DONOVAN: So recently, I published a book called "Meme Wars" with co-authors Emily Dreyfuss and Brian Friedberg. And in that book, what we try to show is that memes online, which we all feel are jokes and are fun ways of moving information around and poking fun at things, pointing out contradictions - the - and memes are starting to have a really important impact on how our politicians communicate, how celebrities communicate. As well, journalists - the way in which journalists are starting to understand information campaigns online is through hashtags and other slogans.
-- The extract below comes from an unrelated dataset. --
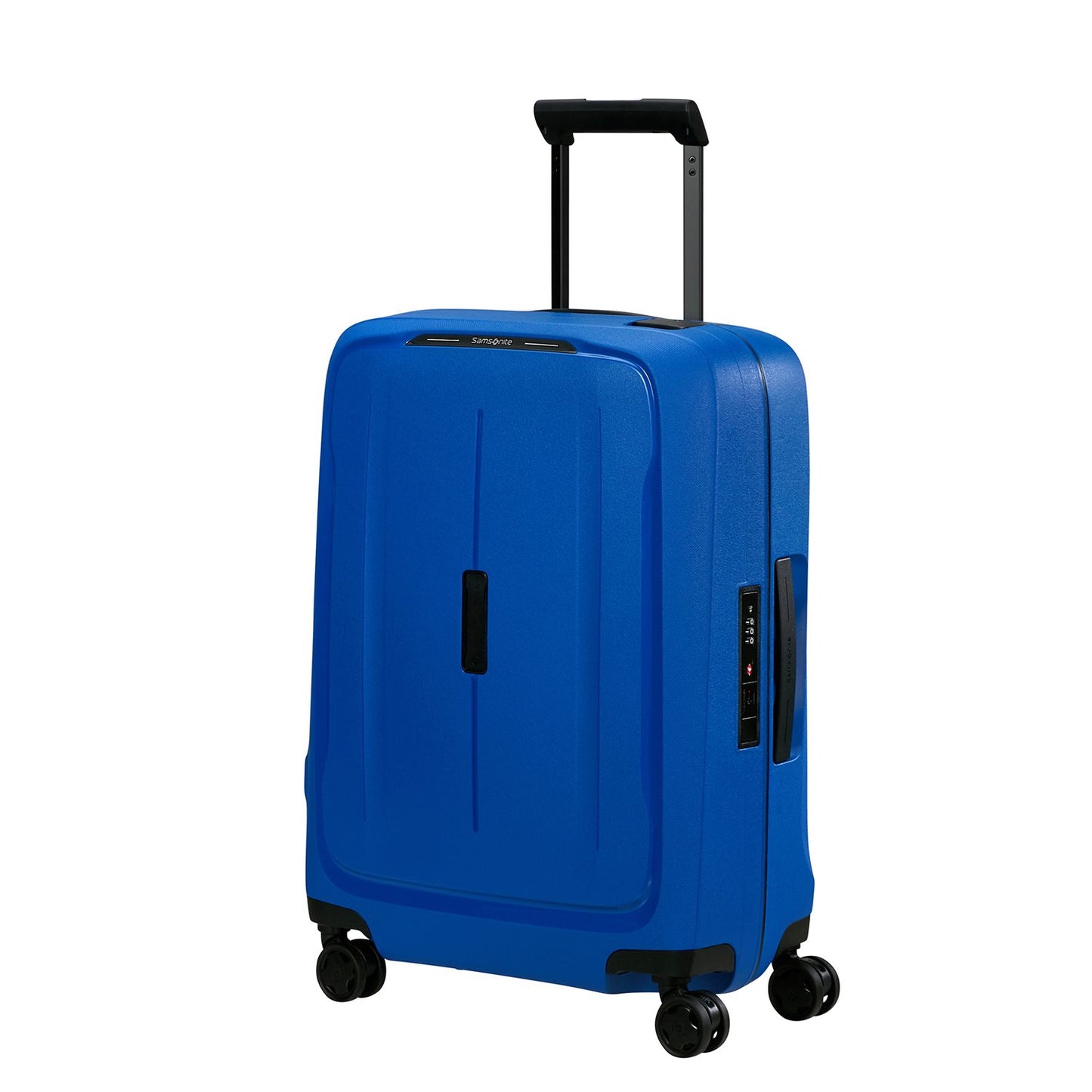 Samsonite Essens Spinner 55 nautical blue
And so when we look at the rise in disinformation, it was impossible to subtract that from the changes in internet communication and the usefulness of these short, quippy images and slogans. But where Musk fits into this is really interesting and something that I want to explore more and research because Musk - he often talks in this coded language. He, you know, will say things like nothing burger, and it's not necessarily the kind of language befitting of a CEO. He also will talk about NPCs, which, in meme language, is nonplaying characters, which are essentially this idea that the right has that the left are carrying out the status quo and can't think for themselves.
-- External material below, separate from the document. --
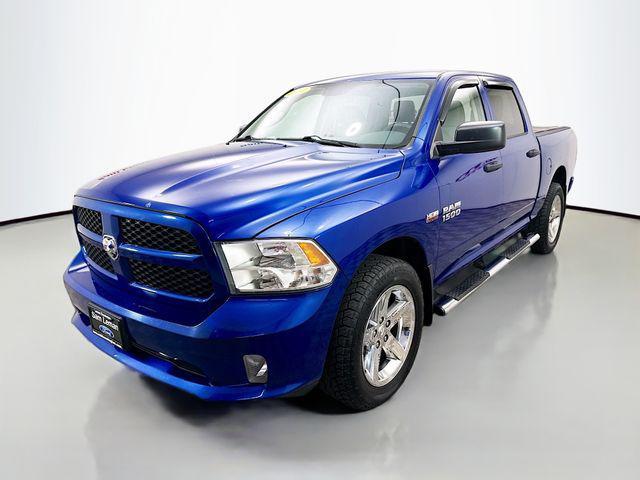 used 2014 Ram 1500 car, priced at $12,905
And so as we start to think about, well, what is the future of the internet, and what are the ways in which our communication channels are going to be challenged and controlled, it's really important for us to understand that there are so many things changing about our culture all at once. Journalism especially is important here because of the way that Twitter has become the assigning editor for many newsrooms. And so whether journalists like it or not, they're going to have to reckon with Musk and the changing nature of political communication so that they can do their jobs. And unfortunately, until there's a technological rival to Twitter and the right kind of regulatory conditions that would make a space for news online, we're kind of stuck with what we have right now.

MARTIN: That was Joan Donovan, research director of the Shorenstein Center on Media, Politics and Public Policy at Harvard University, and she's co-author of the book "Meme Wars: The Untold Story Of The Online Battles Upending Democracy In America." Professor Donovan, thanks so much for sharing this expertise with us.